-------- Entries supplied --------

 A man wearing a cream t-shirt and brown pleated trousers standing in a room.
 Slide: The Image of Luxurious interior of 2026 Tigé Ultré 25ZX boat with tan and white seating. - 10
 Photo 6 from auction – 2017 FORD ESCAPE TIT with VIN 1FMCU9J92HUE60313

--------
-------- Entries supplied --------

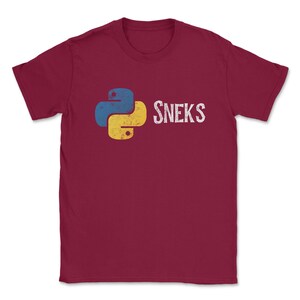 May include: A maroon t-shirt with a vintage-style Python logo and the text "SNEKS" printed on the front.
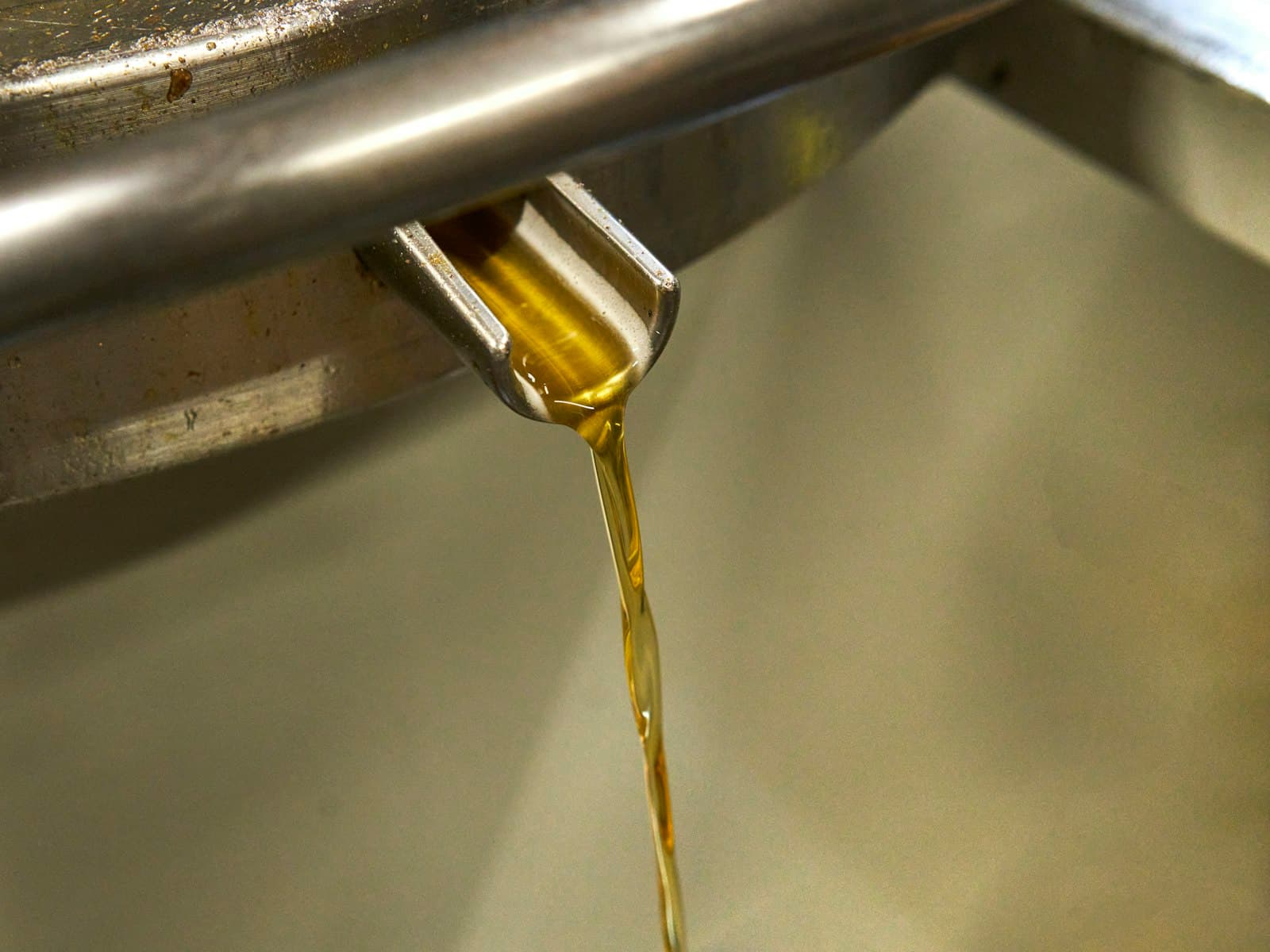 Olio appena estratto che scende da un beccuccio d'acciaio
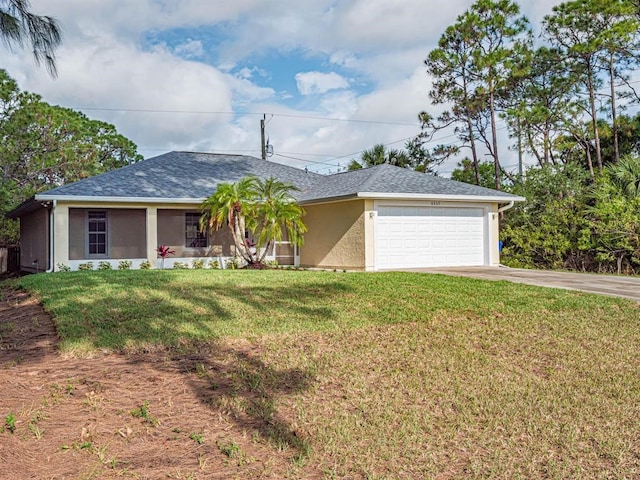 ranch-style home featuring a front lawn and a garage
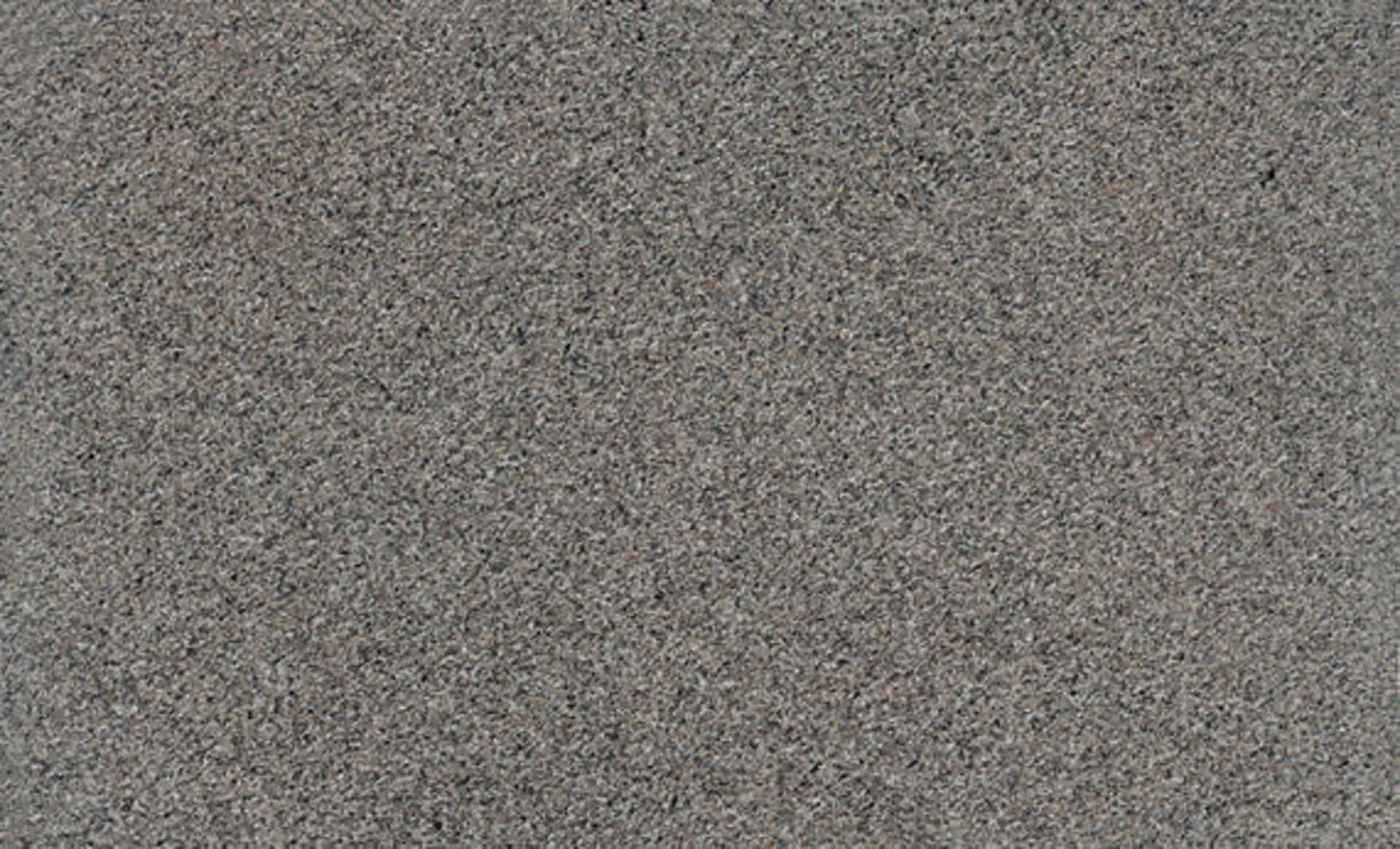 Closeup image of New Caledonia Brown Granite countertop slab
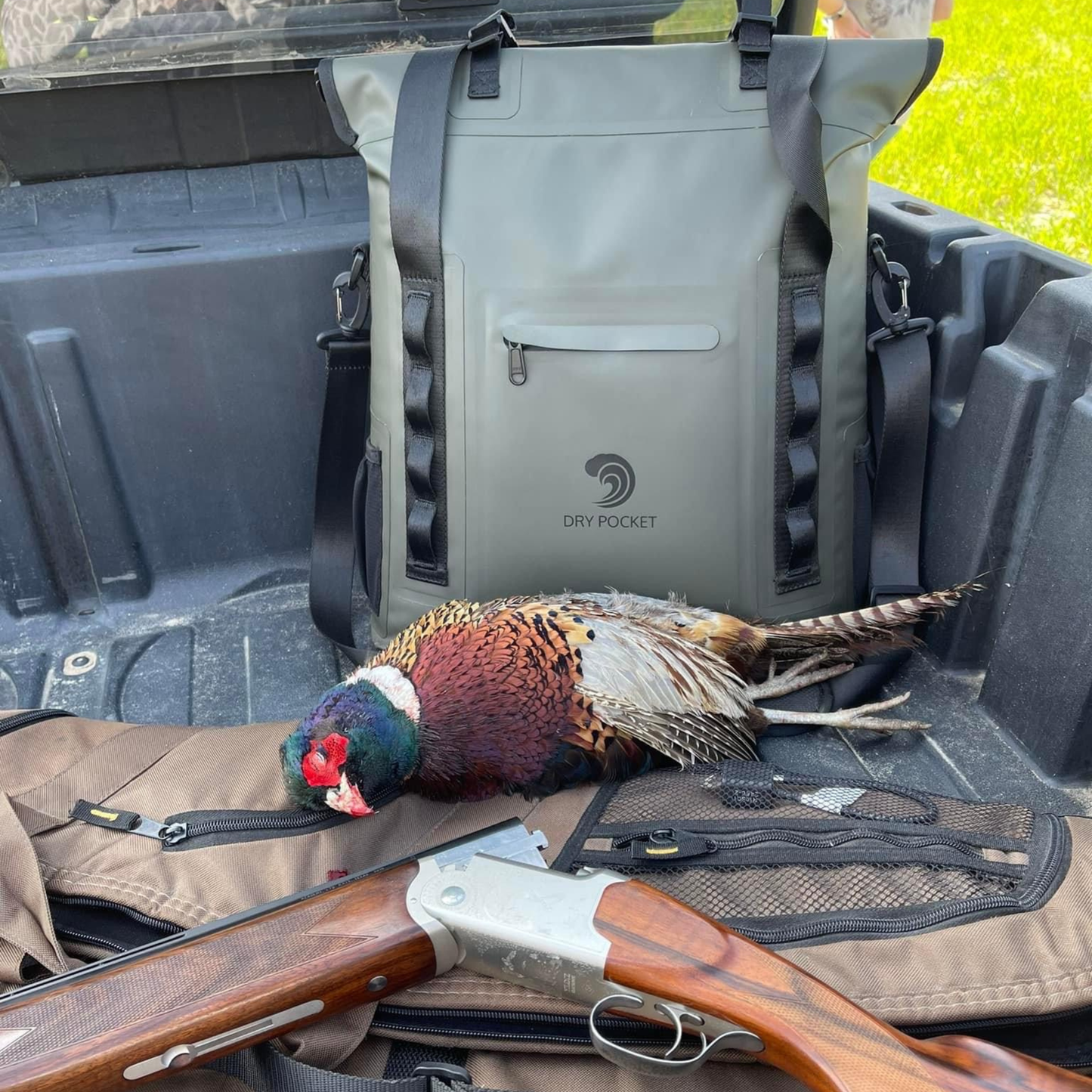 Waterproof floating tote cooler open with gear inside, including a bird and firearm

--------
-------- Entries supplied --------

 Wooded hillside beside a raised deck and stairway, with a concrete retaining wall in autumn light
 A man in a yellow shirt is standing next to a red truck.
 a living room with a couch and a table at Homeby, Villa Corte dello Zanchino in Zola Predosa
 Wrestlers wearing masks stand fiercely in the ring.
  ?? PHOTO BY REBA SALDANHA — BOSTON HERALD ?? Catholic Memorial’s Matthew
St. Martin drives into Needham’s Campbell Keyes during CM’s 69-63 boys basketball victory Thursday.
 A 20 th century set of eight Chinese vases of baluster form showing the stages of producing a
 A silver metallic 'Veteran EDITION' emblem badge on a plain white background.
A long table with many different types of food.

--------

● Requirement:
The lines to reproduce run from the one above containing "Closeup image of" through the one containing "Waterproof floating tote". Copy them exactly and leave out all pictures.

● Answer space:
 Closeup image of New Caledonia Brown Granite countertop slab
 Waterproof floating tote cooler open with gear inside, including a bird and firearm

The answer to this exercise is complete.